A couple of days ago armed men in Venezuela entered a major synagogue and vandalized the place, spray-painting the walls and breaking religious relics. A friend of mine sent me some of the aftermath pictures, and while it's not as bad as it could have been (i.e. it doesn't look like they destroyed the torahs), it's a scary sign of what seems to be brewing in many parts of the world, especially following Israel's Gaza campaign. I mean this kind of stuff always happens when tensions rise in Israel, but I don't ever remember it getting this bad. And it's not just Venezuela. All over South America and Europe, Antisemitism has seen a sharp rise. Part of it is most definitely related to better hate-crime identification and reporting, but part of it is just the continued global dislike of Jews. If we're honest with ourselves, we know that people pointing at Israel and expressing their outrage as being "directed towards Israel, but not towards Jews" as total bullshit. I would never say that being critical of Israel automatically makes you an Antisemite, but the kind of criticism of Israel that's brewing out there crosses the line into clear Antisemitism. Attend any of these "Pro-Palestinian" rallies and you'll see plenty of signs and many expressed opinions that repeat the same refrain - "Death to the Jews," "Liberate Palestine," "Jews Back to the Ovens." It happened during the Lebanon campaign of 2006 and its happening again now.

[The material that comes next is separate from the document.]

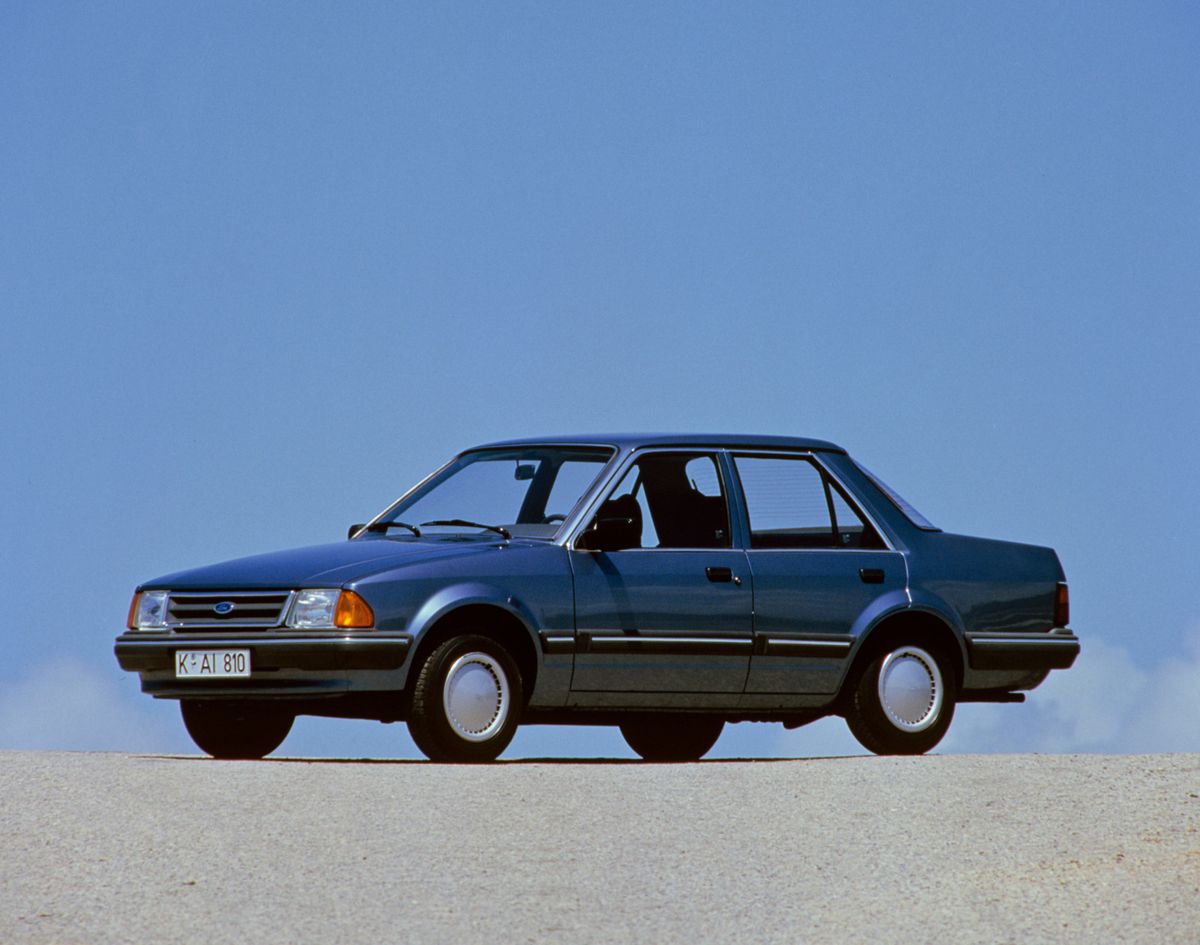 Ford Orion 1983. Carrosserie, extérieur. Berline, 1 génération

And don't mistake the otherwise "innocuous" line to "Liberate Palestine" or to "End the Occupation" as just some political opinion expressed regarding Israel's continued presence in the West Bank and, now to a larger extent again, Gaza. While some are clearly concerned only about these areas and seek a lasting peace with a two-state (or whatever) solution, a lot of these people who speak of "liberation" and "occupation" seek the total liberation of Palestine, via a Hamas-esque rhetoric, that says that Israel has no right to exist and that its presence anywhere in the Middle East constitutes an occupation. It's not about peace or compromise or finding a way to live together. It's about any sort of continued Jewish/Western presence in that area of the world.

Now what do any of these douchbags in Venezuela have to do with any of this? Are they really concerned about their Palestinian brothers in Gaza? As hateful and Antisemetic as I think "Pro-Palestinian" rallies get, this is yet another step removed, the expression of pure Antisemitism devoid of any viable claim to be supporting Palestinians or angry at Israel "just as a state." When Israel does something that involves people dying, or when the "Jewish-controlled" financial systems of the world teeter, this is high-time for world's trash to come out and to blame the Jews. The Jewish community in Venezuela has nothing to do with the state of Israel other than probably seeing it as a homeland for the Jews and having respect for the state, believing in its continued right to exist. And yet they're no safer in Venezuela, halfway across the world from Israel, because of the fact that they are and always will be Jews. The Jew is the problem to all of these people, not Israel, not the suffering of the Palestinian people, not any sense of alleged justice or morality or ethics that infuses the anti-Israel propoganda that circulates around the world.